Among all carbohydrates, the ability of fructose to trigger fatty liver is unique. In addition, this malignant effect from fructose can be destroyed without the aid of hyperglycemia or high insulin concentrations. The problem of fructose causing fatty liver is as fast and inevitable as a bullet train, and it will stimulate the increasing of insulin resistance.

Since fatty liver and insulin resistance due to it are the key to hyperinsulinemia and obesity, this means that fructose is far more dangerous than glucose.

It is conservatively estimated that for an average person of 77 kilograms, the risk of fatty liver caused by fructose is approximately 34 times, which in turn leads to obesity and insulin resistance. This is very similar to how the body metabolizes ethanol (alcohol). Once ingested, the tissue can only metabolize 20% of the alcohol, and the remaining 80% go directly to the liver.

The liver metabolizes alcohol to acetaldehyde, which in turn promotes lipidic neogenesis (DNL), so alcohol and fructose are as easy to form as liver fat. This also explains the role of alcohol intake in triggering fatty liver disease.

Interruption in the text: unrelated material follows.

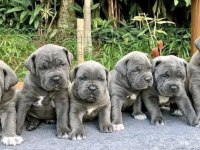 Safkan Dişi ve Erkek Blue Cane Corso yavrularımız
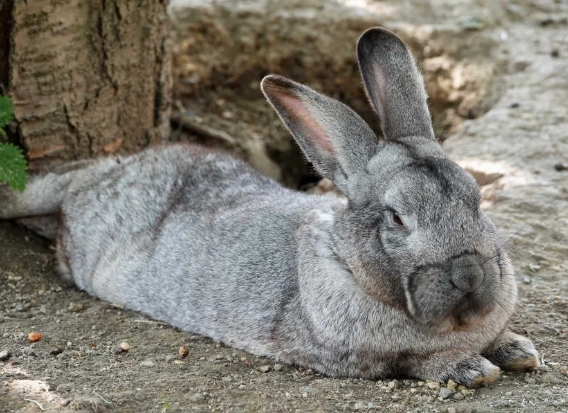 huge rabbit breeds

As early as 1980, it has been known that experiments have shown that excessive intake of fructose stimulates insulin resistance. Healthy subjects consume more than 1,000 calories of fructose per day and their insulin sensitivity deteriorates by 25% after only 7 days. In contrast, subjects who consumed glucose in excess did not experience any similar deterioration.

A 2009 study reinforced the argument that fructose is an easy cause of insulin resistance in healthy subjects.

Subjects drink a beverage that is instant, has a variety of fruit tastes, and accounts for 25% of the total daily calories. This number may seem remote, but many people do indeed consume such a high percentage of sugar in their diet.

The fructose group (but not the glucose group) increases their insulin resistance so that they are clinically classified as pre-diabetic, and this development requires only 8 weeks of excessive fructose uptake.

It is worth noting that over 1 week of fructose intake can cause insulin resistance. It only takes 8 weeks to make pre-diabetes raging. What happens after decades of high fructose ingestion?

The answer is diabetes, which is exactly what we are currently facing.